Con más de 16.000 casos de viruela símica reportados en 75 países del mundo desde principios de mayo de 2022.
Frente a esto, el director general de la Organización Mundial de la Salud (OMS), Tedros Adhanom Ghebreyesus, declaró el brote de viruela como “una emergencia de salud pública de importancia internacional”.
Aunque parece haber bastante consenso en la comunidad científica sobre lo lejos que estamos de que la viruela del mono se convierta en otra pandemia.
Sin embargo, es una pregunta válida después de ver cómo una misteriosa neumonía en China terminó convirtiéndose en una pandemia global.
La tranquilidad existe, porque a diferencia del covid, esta es muy difícil de transmitir de persona a persona.
La transmisión de la viruela del mono ocurre cuando la persona entra en contacto con el virus a través de un animal, humano o materiales contaminados.
La viruela del mono, registra generalmente síntomas que incluyen fiebre, dolor de cabeza intenso, dolores musculares, dolor de espalda, poca energía, ganglios linfáticos inflamados y erupciones o lesiones en la piel.
La erupción generalmente comienza en el primer o tercer día del comienzo de la fiebre.
Las lesiones pueden ser planas o ligeramente elevadas, llenas de líquido transparente o amarillento, para después formar costras, secarse y caerse.
El número de lesiones en una persona varía entre unas pocas y varios miles. La erupción tiende a presentarse en la cara, las palmas de las manos y las plantas de los pies.
También se pueden encontrar en la boca, los genitales y los ojos.
Pero, ¿Qué es la viruela del mono?
Es una enfermedad causada por un virus, al que se conoce como el de la viruela del mono. Se trata de una enfermedad zoonótica viral, lo que significa que puede transmitirse de animales a humanos.
También se puede propagar de persona a persona. Curiosamente, la enfermedad se llama así porque se detectó en varios simios de un laboratorio en 1958.
Sin embargo, la mayoría de los animales susceptibles de contraer la dolencia y después contagiar a las personas son roedores, como las ratas gigantes de Gambia, los lirones o los perros de las praderas.
¿Cómo se transmite?
Esta afección se puede propagar a las personas cuando entran en contacto físico con un animal infectado. Los animales que hospedan este virus pueden incluir roedores o primates.
El riesgo de contraer dicha enfermedad a través de los animales puede reducirse evitando el contacto sin protección con animales salvajes, especialmente aquellos que están enfermos o muertos (incluido el contacto con su carne y sangre).
Es crucial recalcar que cualquier alimento que contenga carne o partes de animales debe cocerse, especialmente en los países donde la viruela de mono es endémica.
¿Quiénes están más expuestos a contraerlas?
Corre mayor riesgo de infección cualquier persona que entre en contacto físico con alguien con síntomas o con un animal infectado. Es probable que las personas que fueron vacunadas contra la viruela tengan cierta protección contra la infección.

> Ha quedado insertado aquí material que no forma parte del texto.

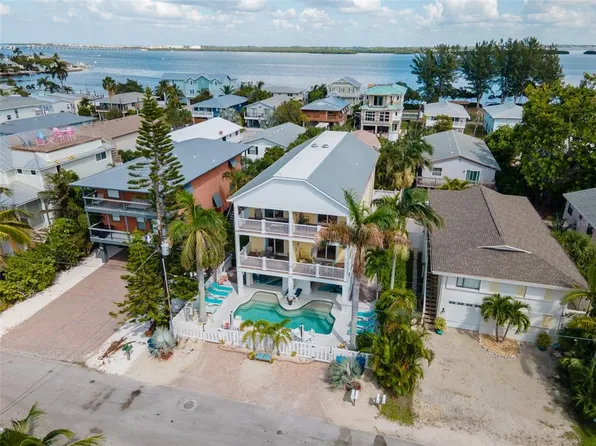 2509 Avenue C, Bradenton Beach, FL 34217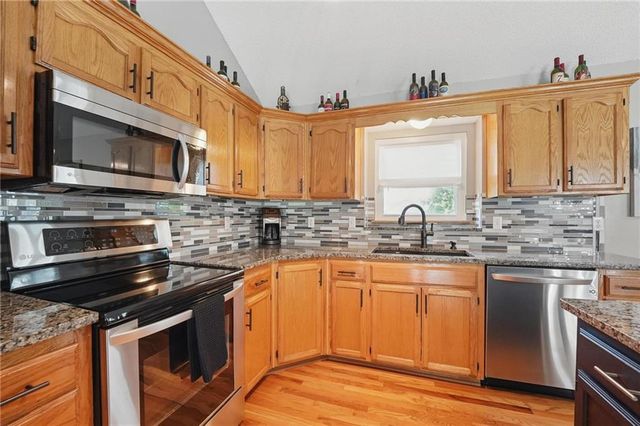 1108 NE Woodbury Court, Lee's Summit, MO 64086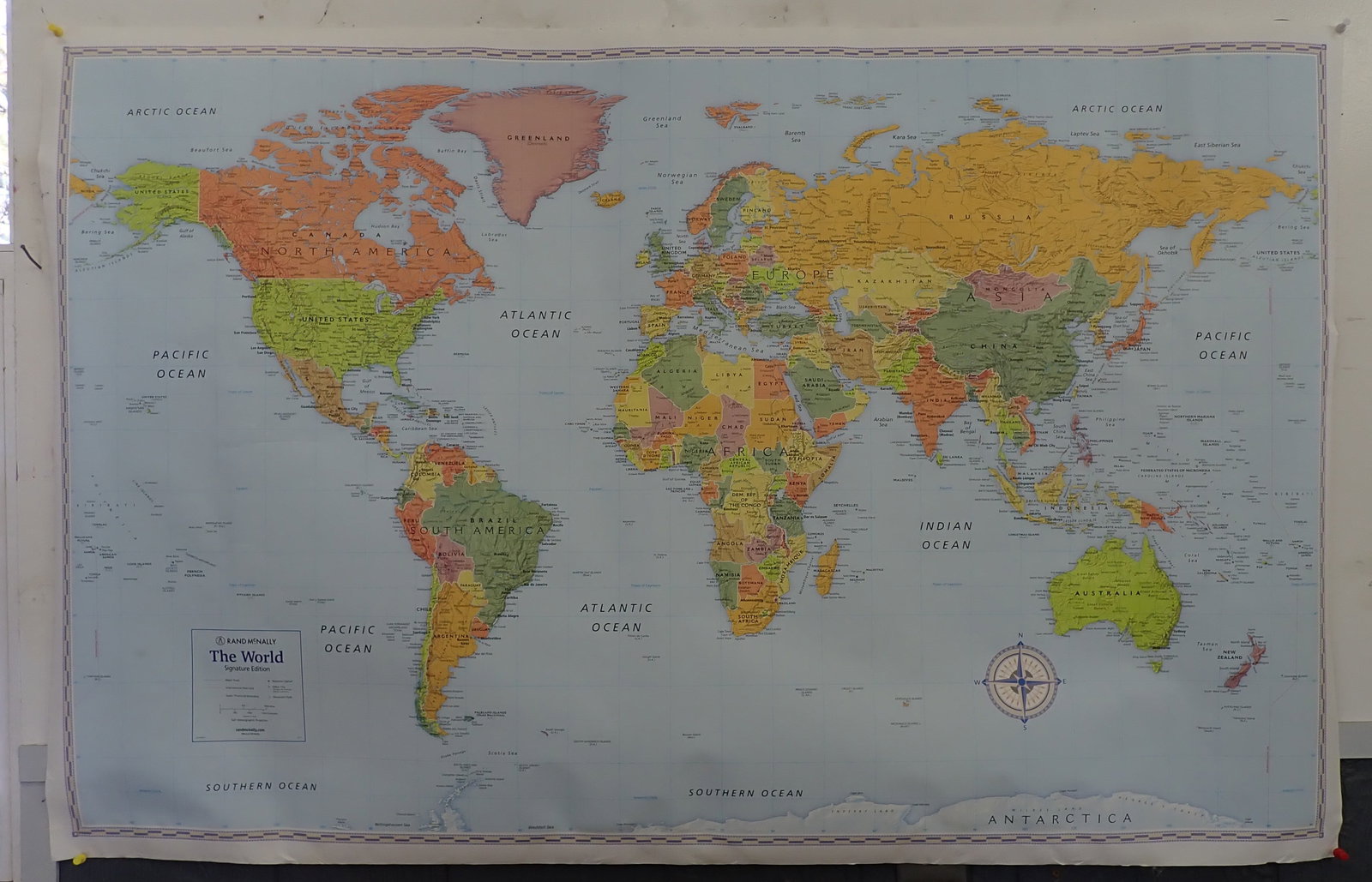 Rand McNally Signature Edition World Map (1 of 2)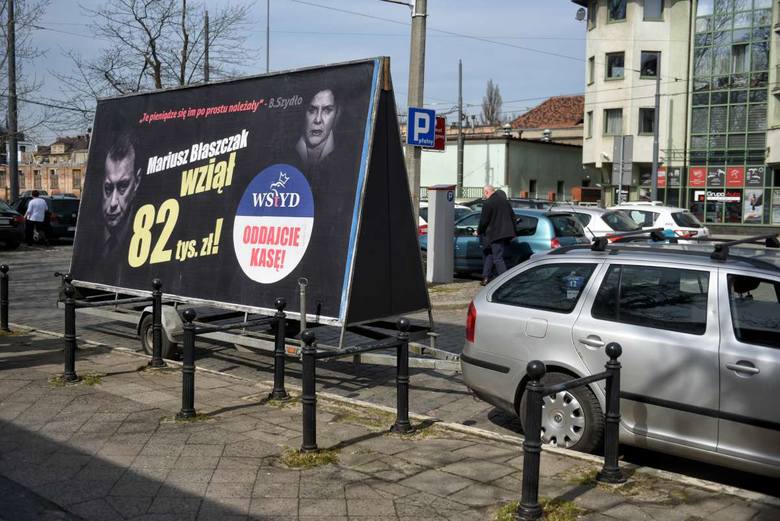 Na billboardach w samej Wielkopolsce oprócz wizerunku Mariusza Błaszczaka znalazły się także twarze Jana Dziedziczaka, Maksa Kroczkowskiego, czy Antoniego Macierewicza.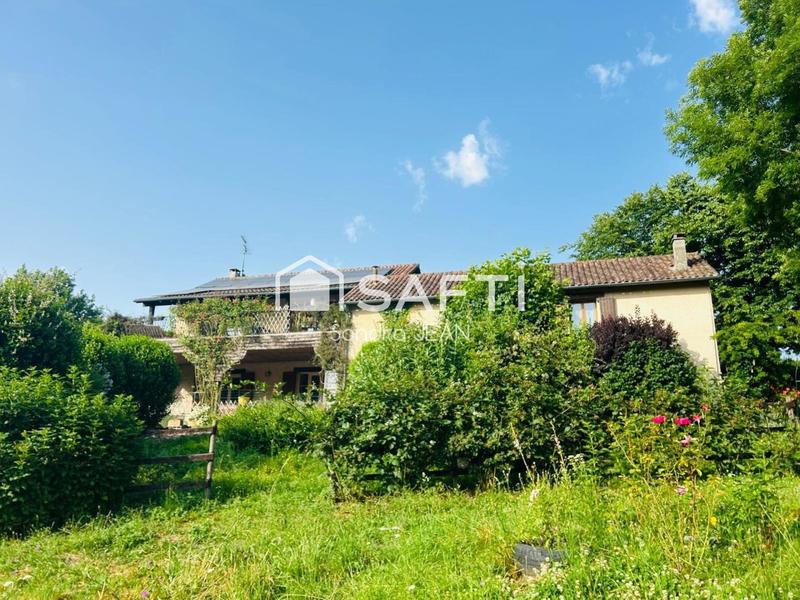 Maison - 369 m² - 8 pièces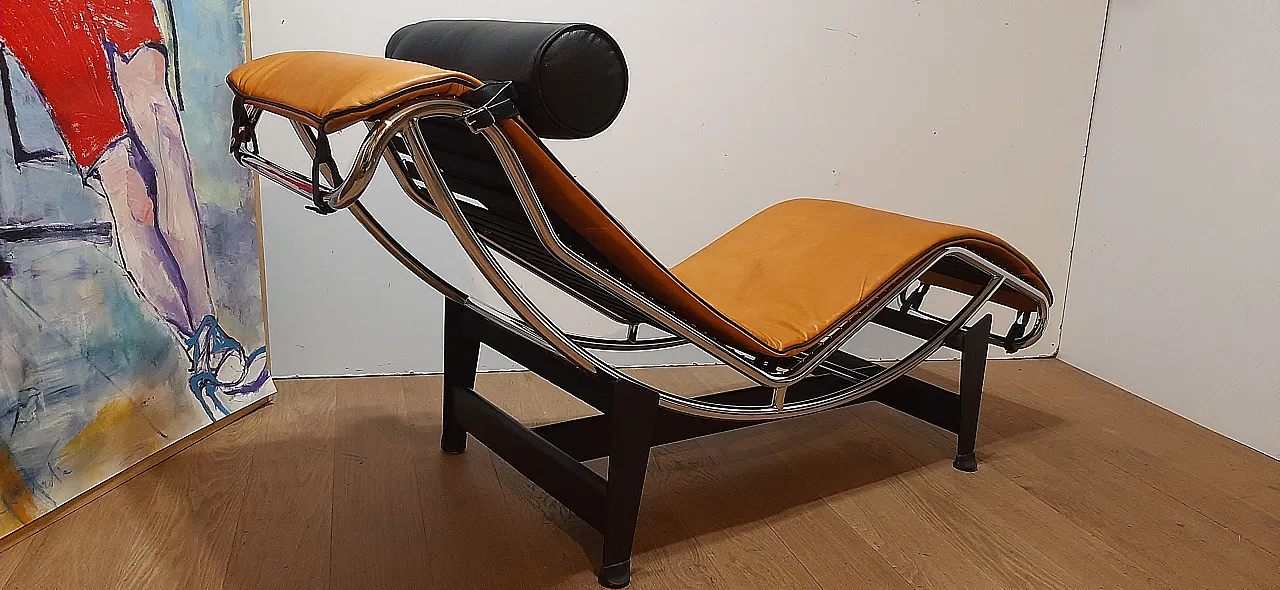 ALIVAR Chaise Longue LC4 in Cognac and black leather, 2000s 33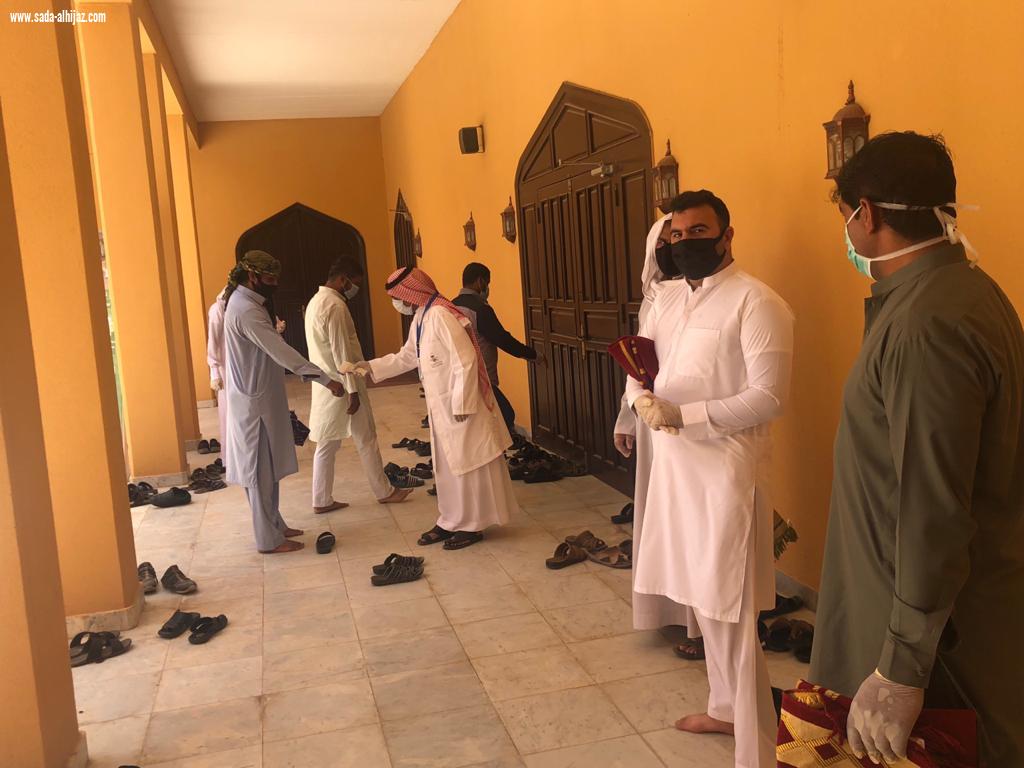 جوامع ومساجد محافظة تيماء تستقبل المصلين لصلاة الجمعة وسط منظومة من الإجراءات الوقائية والاحترازية 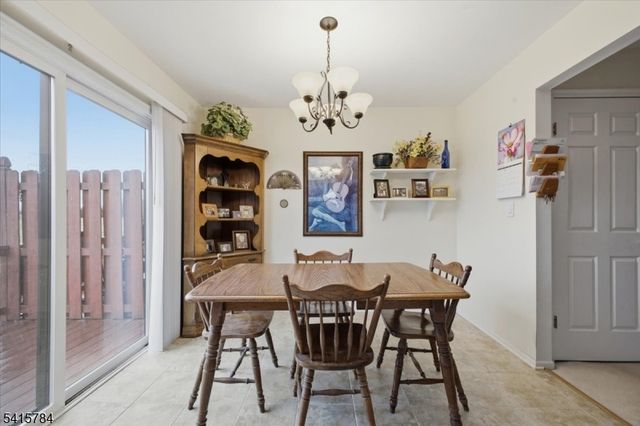 262 Spruce Ct, Raritan Twp., NJ 08822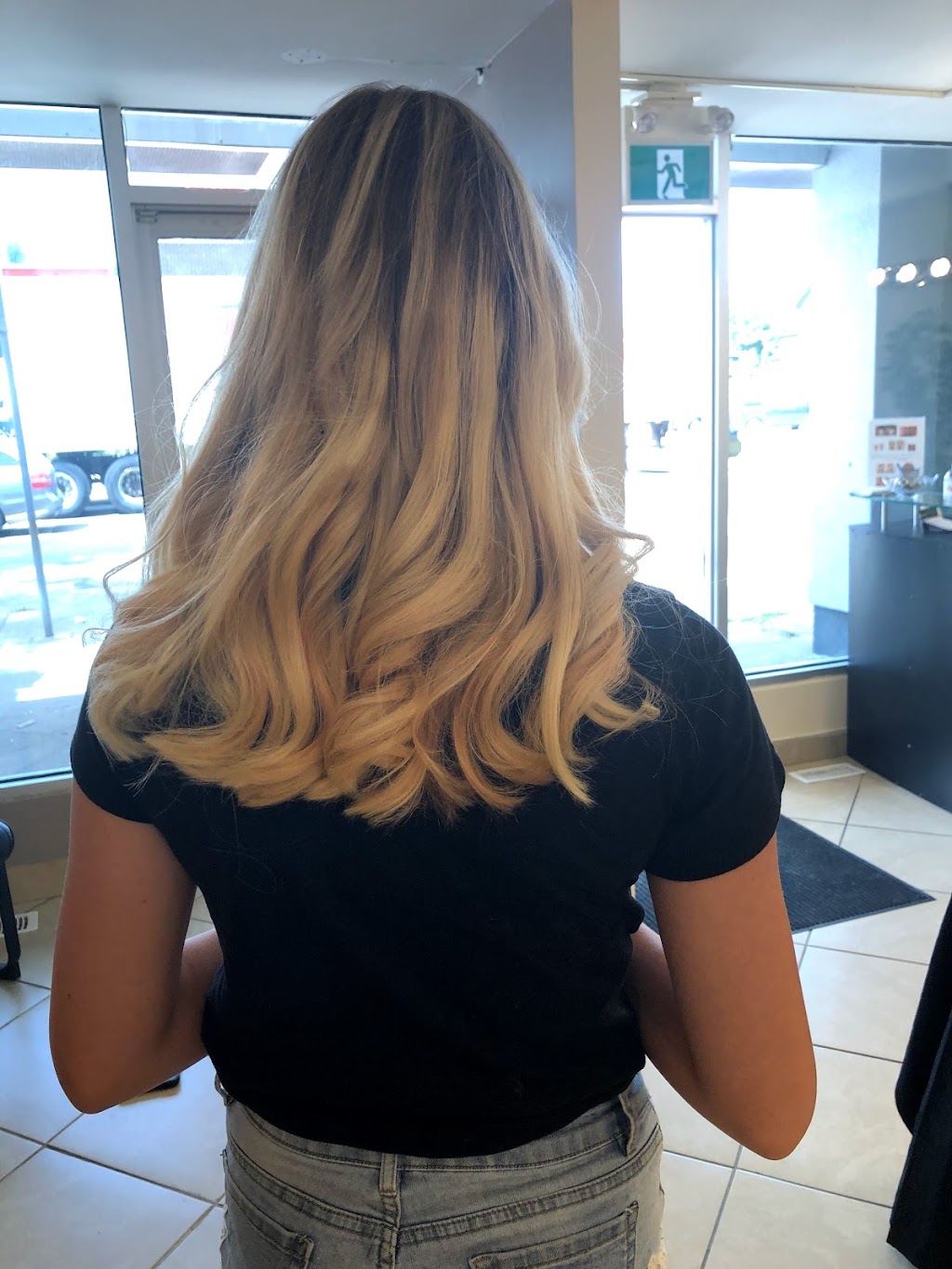 The Edge Beauty Bar | 70 Ottawa St N, Hamilton, ON L8H 3Z1, Canada | Phone: (289) 389-5959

En 1980 la viruela se convirtió en la primera enfermedad humana en ser erradicada, por lo que se detuvo la vacunación contra esta enfermedad. Por tanto, los más jóvenes son más propensos a contraerla.
Sin embargo, las personas que fueron vacunadas contra la viruela también deben tomar precauciones para protegerse a sí mismos y a los demás.
Pueden sufrir síntomas más graves y de mayor riesgo de muerte los recién nacidos, los niños y las personas con inmunodeficiencias subyacentes.
Asimismo, corren alto riesgo de contagio los trabajadores sanitarios debido a la exposición prolongada que tienen con el virus.
La vacunación puede prevenir o reducir la enfermedad
La vacuna Jynneos es la única aprobada específicamente en Estados Unidos para la viruela del mono.
Una vacuna contra la viruela llamada ACAM2000 también está aprobada y puede utilizarse durante este brote.
Los CDC afirman que se puede recomendar la vacunación a las personas que estén en contacto cercano con alguien con viruela del mono.
A las que puedan haber estado expuestas al virus y a las que corran un alto riesgo de exposición, como algunos profesionales sanitarios y trabajadores de laboratorio.
El Departamento de Salud y Servicios Humanos de EE.UU. anunció en junio que proporcionará vacunas a las personas con exposición confirmada y presunta a la viruela del mono, incluidos los hombres con más de una pareja sexual reciente.